Make Way for PromethION
The results are good news for researchers studying the transcriptome, but the MinION probably won’t push out other methods for dealing with alternative splicing just yet. Its low throughput means that at best it can cover a very small portion of the transcriptome with each run ― and that means isolating targeted RNA transcripts, a process that can introduce new biases into the data.
“You need a lot of reads to get the whole transcriptome, and what happens is you end up sequencing boring genes like actin and tubulin, the really abundantly expressed things,” Graveley explains. Still, his data from this experiment was good enough to replicate a few earlier findings: for instance, that Dscam1 does appear to make every predicted isoform. In this experiment, his lab observed almost half the possible isoforms, containing 92 of 93 possible exons.
Meanwhile, Oxford Nanopore Technologies is working on a new instrument, the PromethION, which will contain 48 MinION-style flow cells in a battery.
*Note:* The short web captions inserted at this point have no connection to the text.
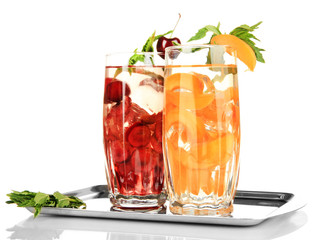 Glasses of fruit drinks with ice cubes isolated on white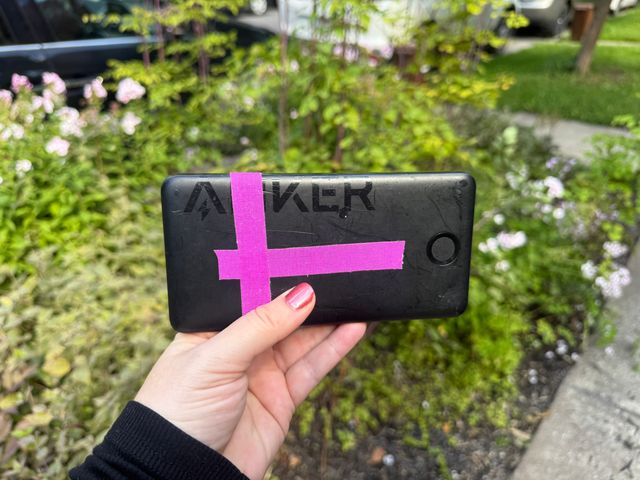 A hand holding an Anker branded black power bank with pink tape on it in front of a bush.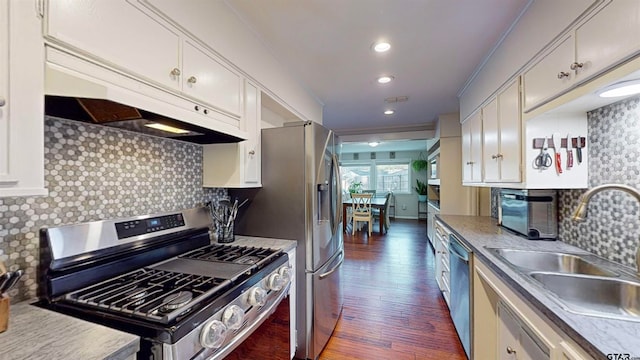 kitchen featuring white cabinets, sink, stainless steel appliances, and dark wood-type flooring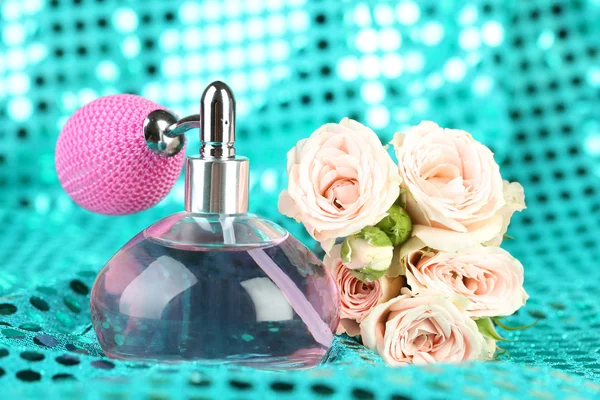 Perfume bottle with roses on fabric background — Stock Photo, Image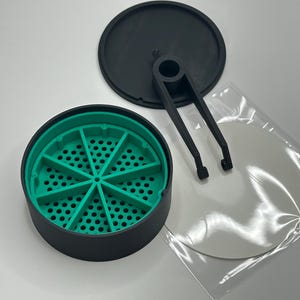 May include: A black and green grinder with a perforated interior, a black lid, and a black tool. The grinder is round and has a segmented green interior. A clear plastic bag contains a white disc.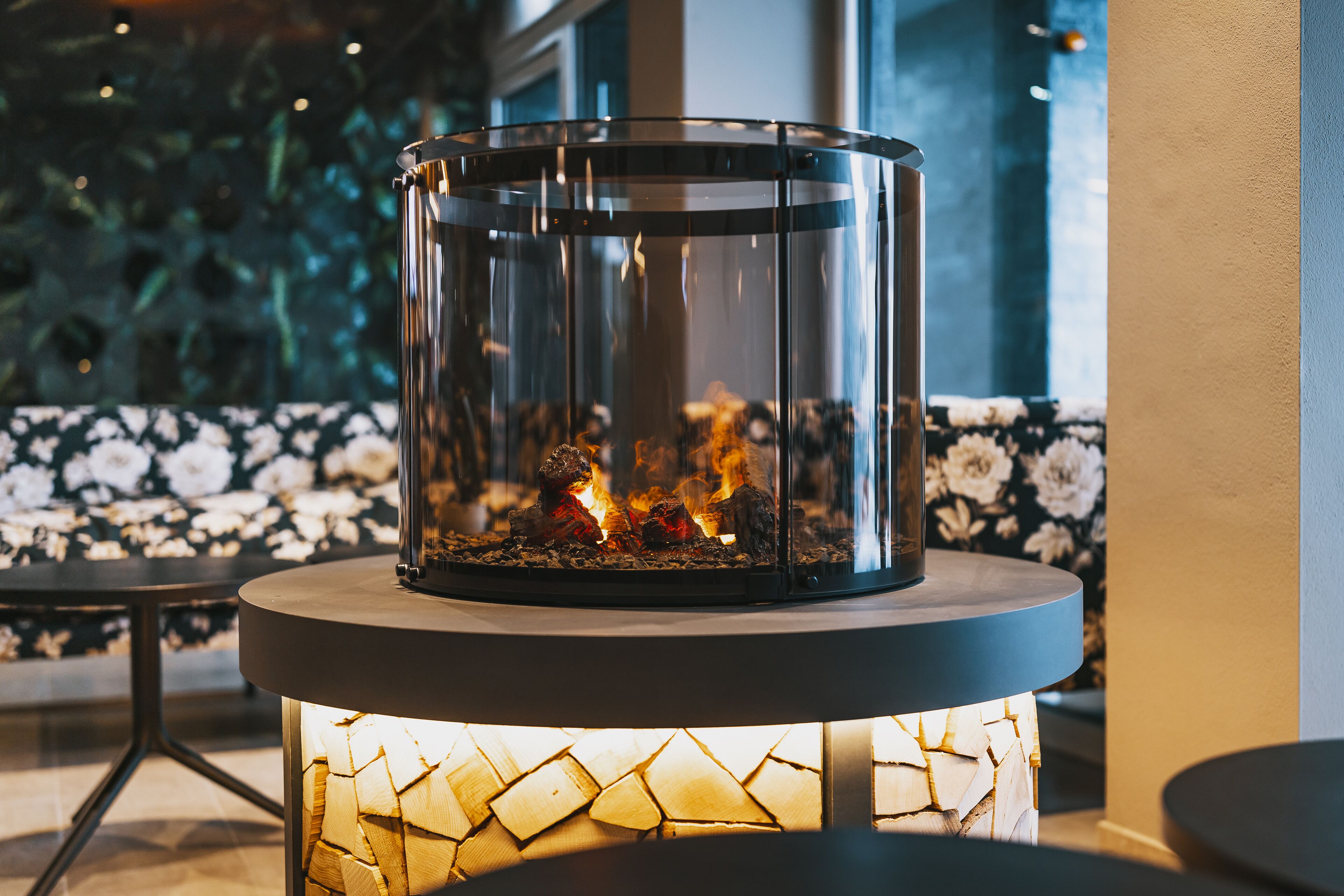 A glass-enclosed fireplace with visible logs and flames, set on a round table with a wooden base.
Graveley has already signed on to be one of the first recipients, in an access program that is likely to start in the winter.
Judging by studies like this one, the PromethION stands a good chance of becoming the instrument of choice for large-scale RNA sequencing. With Dscam1, Graveley hopes to reach high enough throughput to do functional studies, seeking to learn whether different combinations of isoforms give rise to physical or behavioral differences. He also wants to look at human genes with high levels of alternative splicing, and to test whether the MinION can accurately count total numbers of RNA isoforms.
“The fact that you can use this technology to characterize whole isoforms is very exciting,” Graveley says. “It’s going to help us start characterizing the transcriptome in ways that have been very difficult.”